The Art Of Learning is another book that Stanier references when talking about how to practice well. Applying the principles it teaches to giving advice, he suggests you should break listening down to the smallest possible pieces.
Then, pick just one to focus on and repeat it. It’s not about getting 10,000 hours necessarily, it’s more about how many repetitions you do that determines whether you’ll become a master or not.
And finally, Stanier mentions The Power of Habit and Atomic Habits as sources to look for tips on practicing correctly. The biggest lesson he brings out is to take advantage of the cue-routine-reward loop by making practice enjoyable.
You can do this by asking the person how useful the advice you’ve given was for them at the end of your conversation. Asking this will help you see what’s going well, which will make the process more fun. Find other ways to celebrate also!
Lesson 3: Use three skills to be generous when talking with others.
You might think of generosity as just giving stuff to people, but it’s much deeper than that. It really means having an attitude of open-heartedness and being willing to accept others and see the best in them and in the situation.
To become more generous in your conversations, Stanier suggests breaking it down into three components:
A few years back I was in a class about teaching. They mentioned how important pausing after asking a question is, and that you should give at least eight seconds of silence before saying anything.
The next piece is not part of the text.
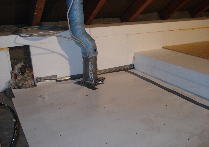  Betonringanker mit Wärmebrückendämmung auf einem Dachboden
I tried that myself and it was hard at first, but it works wonders because it gives people time to organize their thoughts and share them. You might feel anxious about it at first, but as you begin to be willing you’ll soon be able to be generous in your offerings of silence.
Next comes transparency. You do this by being willing to share how the conversation is going for you. Check-in with yourself to see if you’re getting bored or lost and find appropriate ways to communicate this to the other person.
Appreciation is last and is one that we all need to be more generous with. This means you have to actually open your mouth and share compliments with others instead of keeping them inside. Anxiety is common when trying this at first, but start small and you’ll succeed!
The Advice Trap Review
Wow, what an amazing book!! The Advice Trap has got to be one of my new favorites, it’s tips are just what I needed because I’m the kind of person who gives too much advice. I love how actionable the suggestions it gives are, especially that it shares some really excellent ways to make practicing easier!
Who would I recommend The Advice Trap summary to?
The 57-year-old who talks too much about themselves and never asks people questions about themselves, the 35-year-old coach that wants to learn how to communicate with their clients better, and anyone who chimes in to share advice without really trying to understand whenever someone around them mentions a problem.